Required work: Below are records that contain pictures; transcribe the text exactly and omit the pictures.

Records for the exercise:
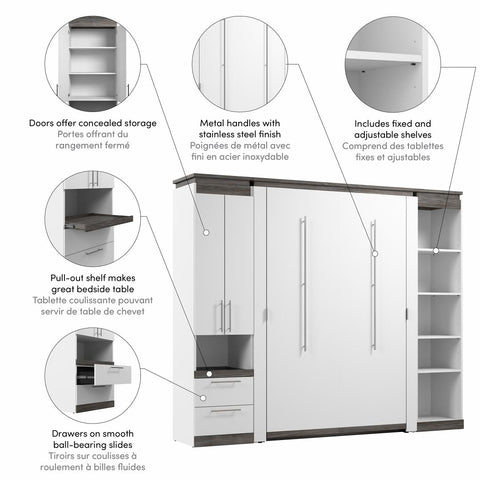 Full Murphy Bed with Storage Cabinet and Shelves (100W)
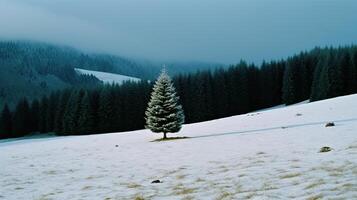 Christmas tree in mountain background. Illustration photo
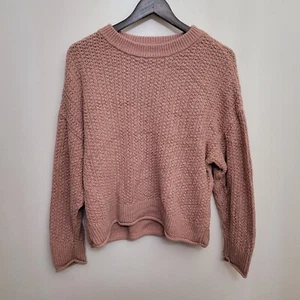 Universal Thread Womens Sweater Large PInk Crew Cable Knit Crochet Oversize Crop - Picture 1 of 8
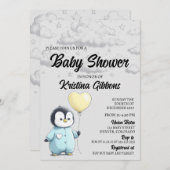 Pinguin-Babydusche Einladung (Vorne/Hinten)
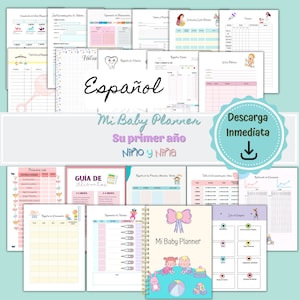 Planificador de Bebé en Español, Planner para Bebé, Agenda para Bebé Imprimible, Recuerdos del Primer año del Bebé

Your solution:
 Full Murphy Bed with Storage Cabinet and Shelves (100W)
 Christmas tree in mountain background. Illustration photo
 Universal Thread Womens Sweater Large PInk Crew Cable Knit Crochet Oversize Crop - Picture 1 of 8
 Pinguin-Babydusche Einladung (Vorne/Hinten)
 Planificador de Bebé en Español, Planner para Bebé, Agenda para Bebé Imprimible, Recuerdos del Primer año del Bebé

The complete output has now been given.